_SOURCE INFORMATION_.

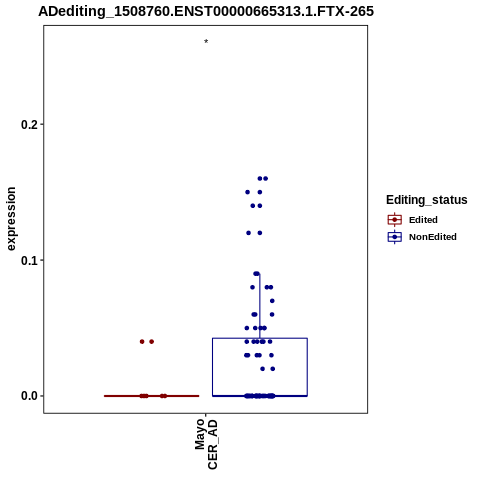 Soverview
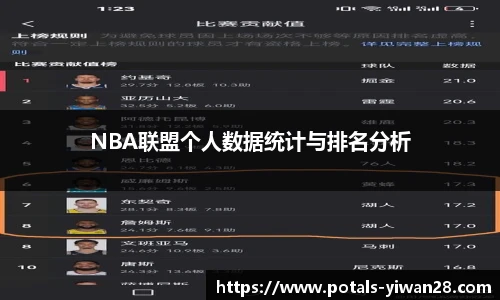 NBA联盟个人数据统计与排名分析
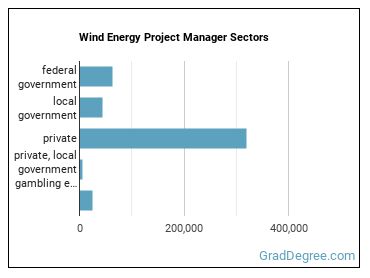 Wind Energy Development Managers sectors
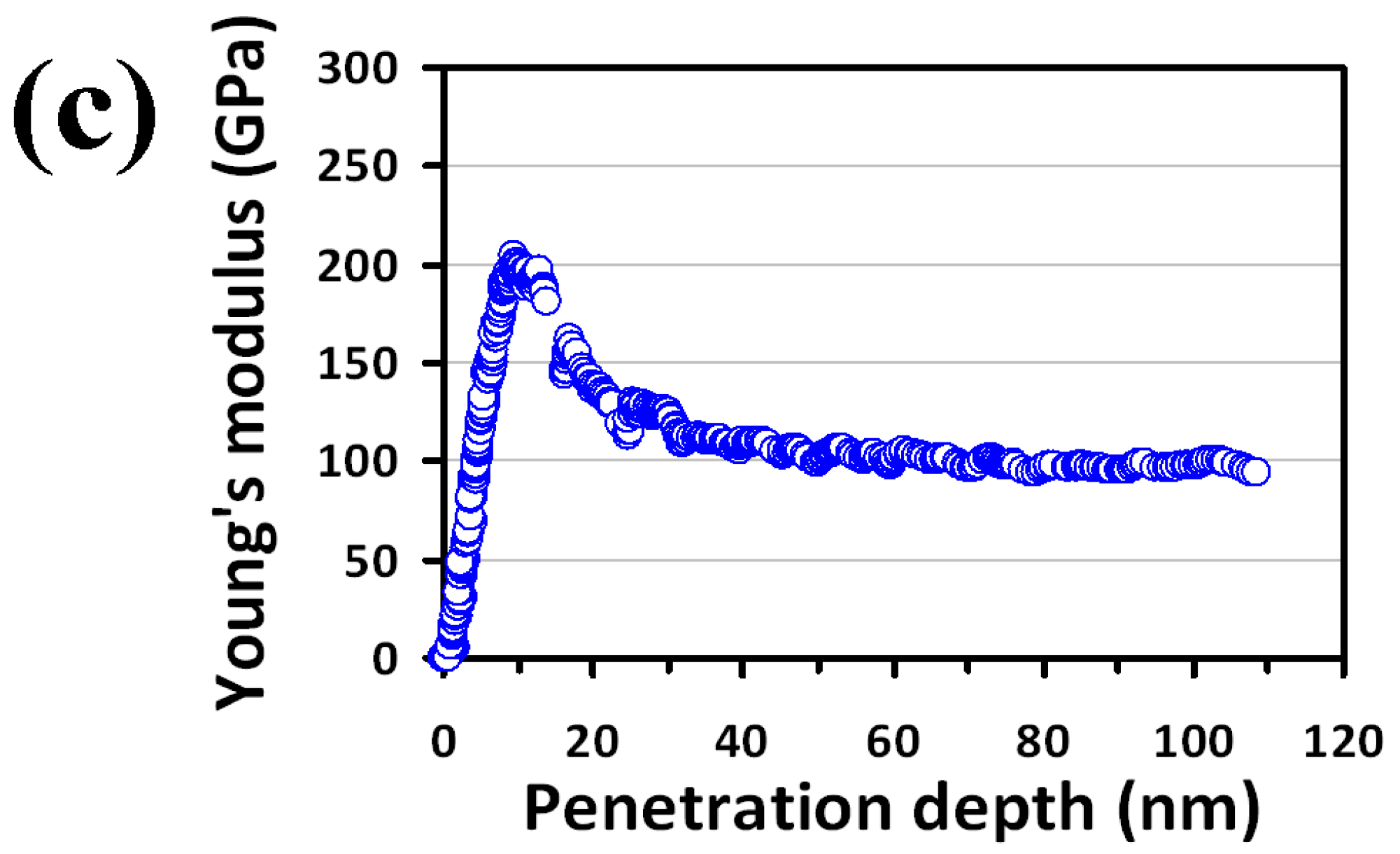 Micromachines 09 00611 g001b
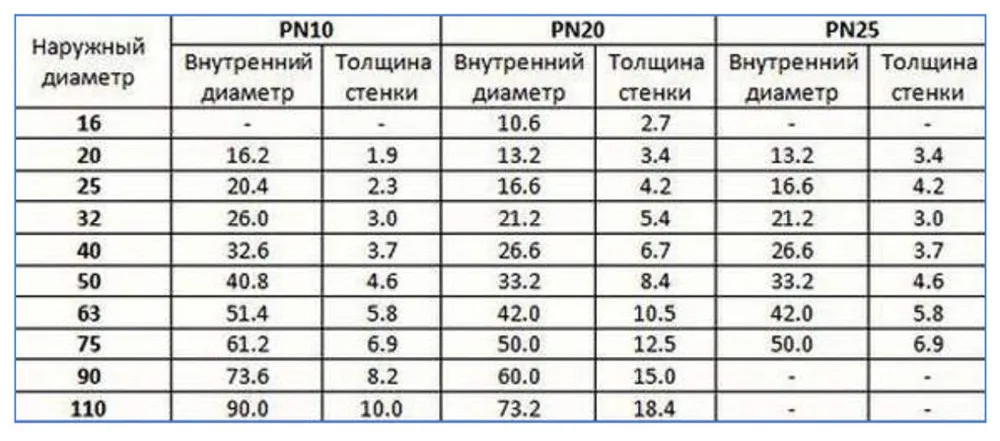 Таблица размеров полипропиленовых труб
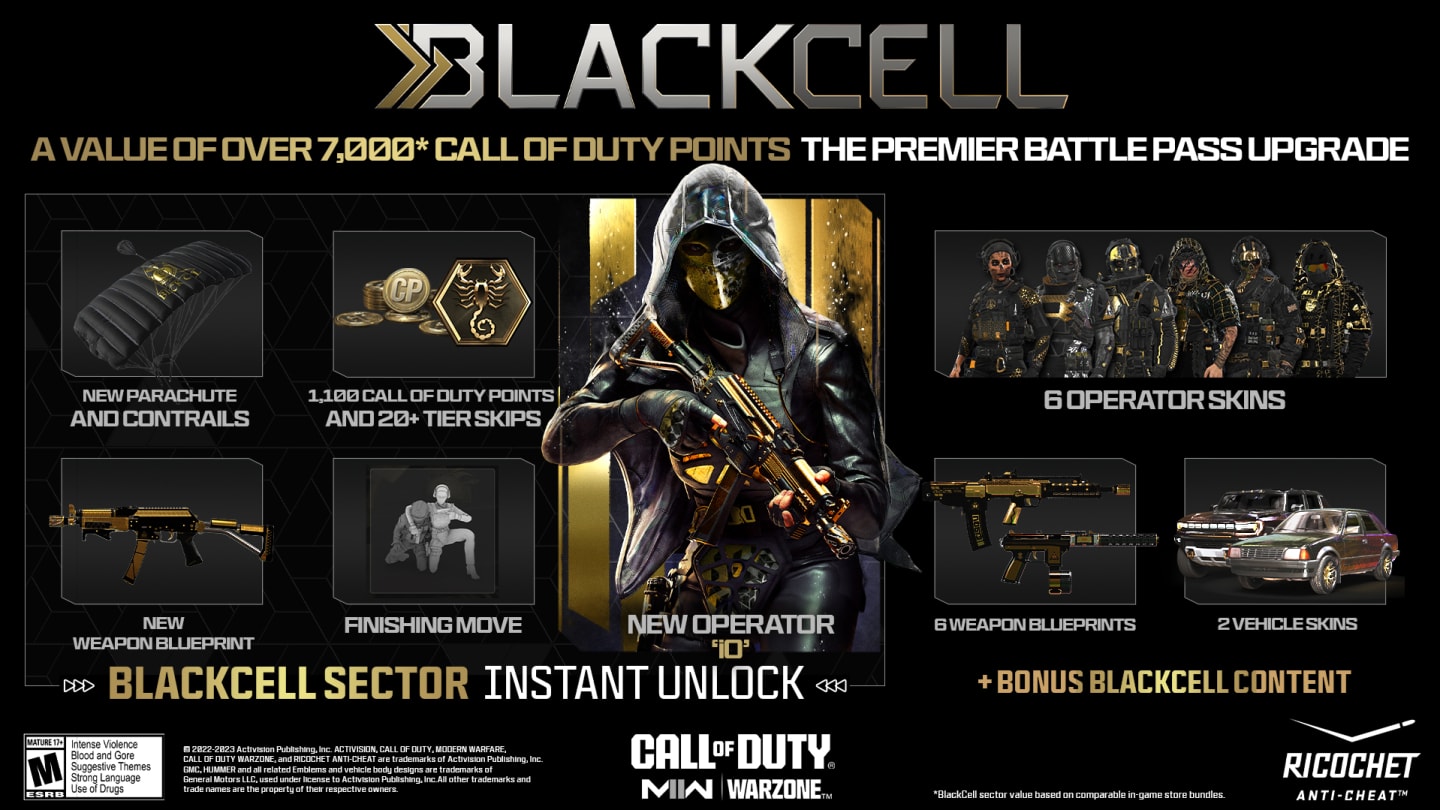 Récompenses BlackCell de la saison 4 de Warzone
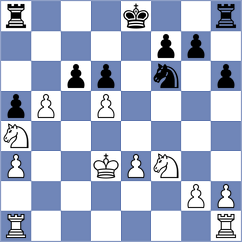Sadhwani - Gireman (chess.com INT, 2025)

_WHAT YOU NEED TO DO_. Nothing but the pictures is to be left out; the rest of the listing should be copied exactly.

_RESPONSE TO THE TASK_.
 Soverview
 NBA联盟个人数据统计与排名分析
 Wind Energy Development Managers sectors
 Micromachines 09 00611 g001b
 Таблица размеров полипропиленовых труб
 Récompenses BlackCell de la saison 4 de Warzone
Sadhwani - Gireman (chess.com INT, 2025)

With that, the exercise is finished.